Hayward Gay Prom
- Date: 1995; 31 years ago
- Duration: Annual
- Location: Hayward, California, United States;
- Theme: LGBT youth dance
- Organized by: Ken Athey

= Hayward Gay Prom =

LGBT youth event in Hayward, California

The Hayward Gay Prom is an annual "anti-prom" for LGBTQ youth founded in 1995 in Hayward, California, United States.

==History==
One of the oldest running gay proms in the United States, it was founded in 1995 by Ken Athey and Project Eden/Lambda Youth, a local LGBT youth mental health organization. It was initially held at Centennial Hall and currently at Chabot College.

Students from 14 to 20 years old may attend the event. Local LGBTQ organizations provide support and conduct outreach, and parents are encouraged to attend and support their children.
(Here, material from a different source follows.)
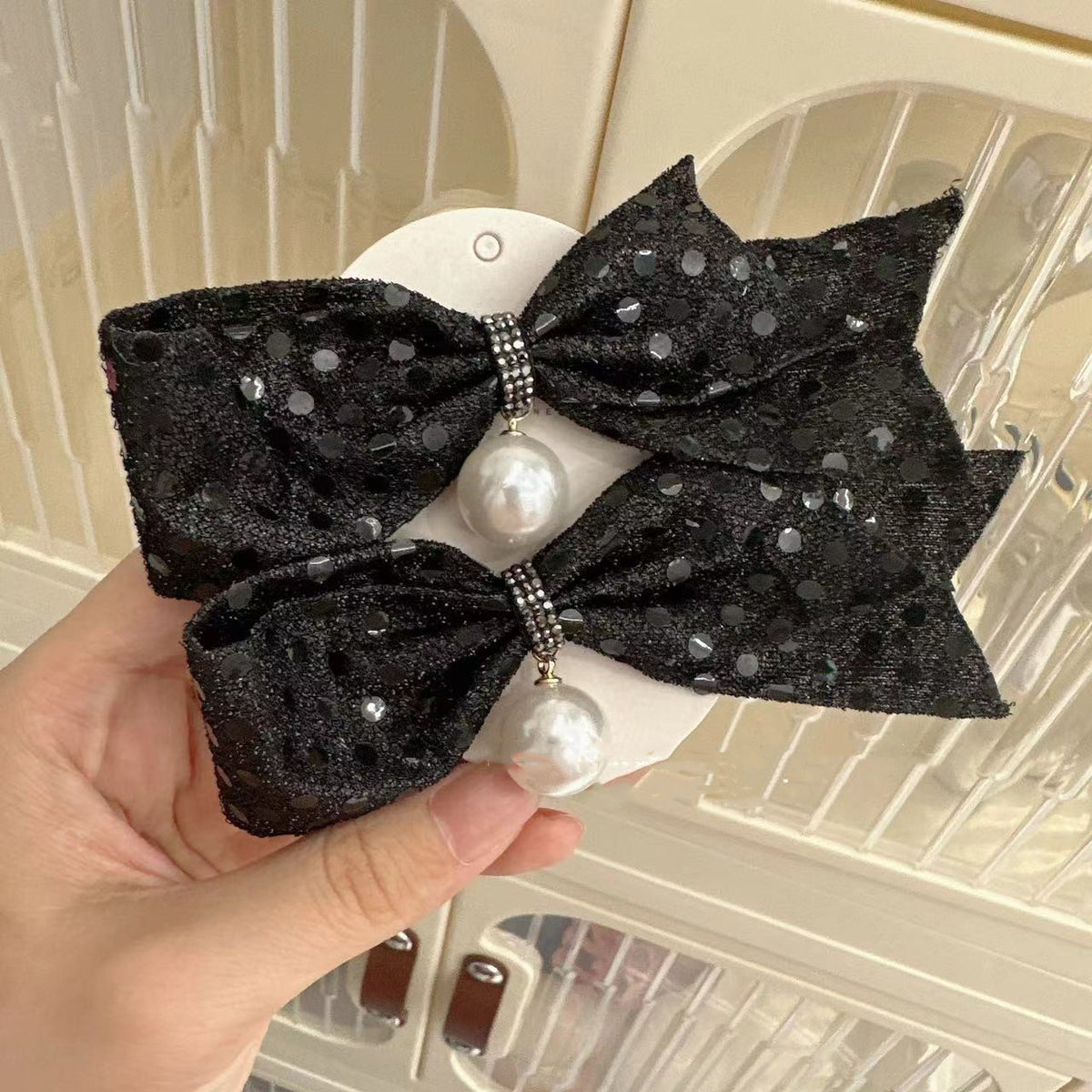 Rhinestone Bow Hair Barrettes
In 2014, the director for Project Eden predicted more than 300 youth would attend, stating:[Gay prom] is needed because the young people need a place to go to where they feel safe and accepted.A documentary film on the prom, Now We Can Dance: The Story of the Hayward Gay Prom, was created and shown at the 2013 San Francisco International LGBT Film Festival.

==Controversy==
Since its inception the event has attracted violent protest and bomb threats, requiring police and community protection. Attendees have been subject to harassment by teachers and other students due to their participation. After moving to Chabot College the number of protesters eventually declining to zero in 2014.